I think that it is OK to loop forever until we find a prime.

diff --git a/cipher/rsa.c b/cipher/rsa.c
index 3f1cd722..3ff7fec4 100644
--- a/cipher/rsa.c
+++ b/cipher/rsa.c
@@ -386,7 +386,6 @@ generate_fips (RSA_secret_key *sk, unsigned int nbits, unsigned long use_e,
   gcry_mpi_t diff, mindiff;
   gcry_random_level_t random_level;
   unsigned int pbits = nbits/2;
-  unsigned int i;
   int pqswitch;
   gpg_err_code_t ec;
 
@@ -476,18 +475,18 @@ generate_fips (RSA_secret_key *sk, unsigned int nbits, unsigned long use_e,
 
  retry:
   /* generate p and q */
-  for (i = 0; i < 5 * pbits; i++)
+  for (;;)
     {
-    ploop:
       if (!testparms)
         {
           _gcry_mpi_randomize (p, pbits, random_level);
+          mpi_set_bit (p, 0);
         }
       if (mpi_cmp (p, minp) < 0)
         {
           if (testparms)
             goto err;
-          goto ploop;
+          continue;
         }
 
       mpi_sub_ui (p1, p, 1);
@@ -505,21 +504,19 @@ generate_fips (RSA_secret_key *sk, unsigned int nbits, unsigned long use_e,
       else if (testparms)
         goto err;
     }
-  if (i >= 5 * pbits)
-    goto err;
 
-  for (i = 0; i < 5 * pbits; i++)
+  for (;;)
     {
-    qloop:
       if (!testparms)
         {
           _gcry_mpi_randomize (q, pbits, random_level);
+          mpi_set_bit (q, 0);
         }
       if (mpi_cmp (q, minp) < 0)
         {
           if (testparms)
             goto err;
-          goto qloop;
+          continue;
         }
       if (mpi_cmp (p, q) > 0)
         {
@@ -535,7 +532,7 @@ generate_fips (RSA_secret_key *sk, unsigned int nbits, unsigned long use_e,
         {
           if (testparms)
             goto err;
-          goto qloop;
+          continue;
         }
 
       mpi_sub_ui (q1, q, 1);
@@ -553,8 +550,6 @@ generate_fips (RSA_secret_key *sk, unsigned int nbits, unsigned long use_e,
       else if (testparms)
         goto err;
     }
-  if (i >= 5 * pbits)
-    goto err;
 
   if (testparms)
     {

I checked FIPS 186-4 (and FIPS 186-5-draft). It is Appendix A 1.3.

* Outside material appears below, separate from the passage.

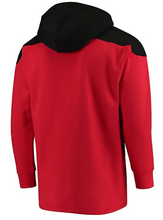 Load image into Gallery viewer, Ottawa Senators NHL Breakaway Colourblock Hoodie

In the generation, we should call mpi_set_bit.

The constants for loops are different:
(1) In FIPS 186-4, it's 5 for p and it's also 5 for q.
(2) In FIPS 186-5-draft, it's 10 for p and it's 20 for q.

So, probably, this kind of failure is known and addressed in FIPS 186-5-draft.

That sounds reasonable. The FIPS 186-5 draft (https://nvlpubs.nist.gov/nistpubs/FIPS/NIST.FIPS.186-5-draft.pdf) covers this in section A.1.3, although I'm not quite sure why a lower bound for p was chosen compared to q. The comment that seems to have triggered this change is published on page 68 of https://csrc.nist.gov/CSRC/media/Publications/fips/186/4/final/documents/comments-received-fips186-4-december-2015.pdf by Allen Roginsky. It only contains a suggestion of 20, presumably for both numbers.

For future reference, the same algorithm in FIPS 186-4 (https://nvlpubs.nist.gov/nistpubs/FIPS/NIST.FIPS.186-4.pdf) can be found in section B.3.3.

Seems like following the 186-5 draft would be a reasonable course of action. Comments on 186-5 (see comment no. 38 on page 80 https://csrc.nist.gov/CSRC/media/Publications/fips/186/5/draft/documents/fips-186-5-draft-comments-received.pdf) suggest this has originally been copied from ANSI X9.80-2020, so it's not out of the question that this will change again in the final version of 186-5.

Feedback from the lab is that they'd recommend returning a specific error code that indicates that the prime search failed and then relying on the caller to decide whether to loop or bubble up the error. I'm not sure who we would consider to be the "caller" of the relevant generation function in this case, though.

I'd say let's consider this solved by switching to 10/20. According to the comments I linked above, the probability for generation of a p or q to fail for a specific k = nlen/2 is (1 - (2 / k * ln 2))^(a * k) with a = {5, 10, 20}.

For generation of an RSA key to fail, either the generation of p or the generation of q must fail, hence we know that the probability that the generation of a key fails is p(failure) = 1 - p(success) = 1 - (p(p success) * p(q success)). If I run the numbers, key size does not contribute a lot, and the 5/5 approach gives us a probability of failure between 1.0417e-6 and 1.0796e-6, i.e. just around 1.08 ppm. The 10/20 approach on the other hand is mostly dominated by the success probability of the generation of p and comes in between 2.7131e-13 and 2.9140e-13, i.e., around 0.0000003 ppm.

In other words, with the 5/5 approach, on average every 500,000th key generation fails, while the 10/20 approach fails on average every 1.7e12 keys generated. If we assume generating one key takes a second, that's ~54000 years until a failure.

It will be in 1.10.2.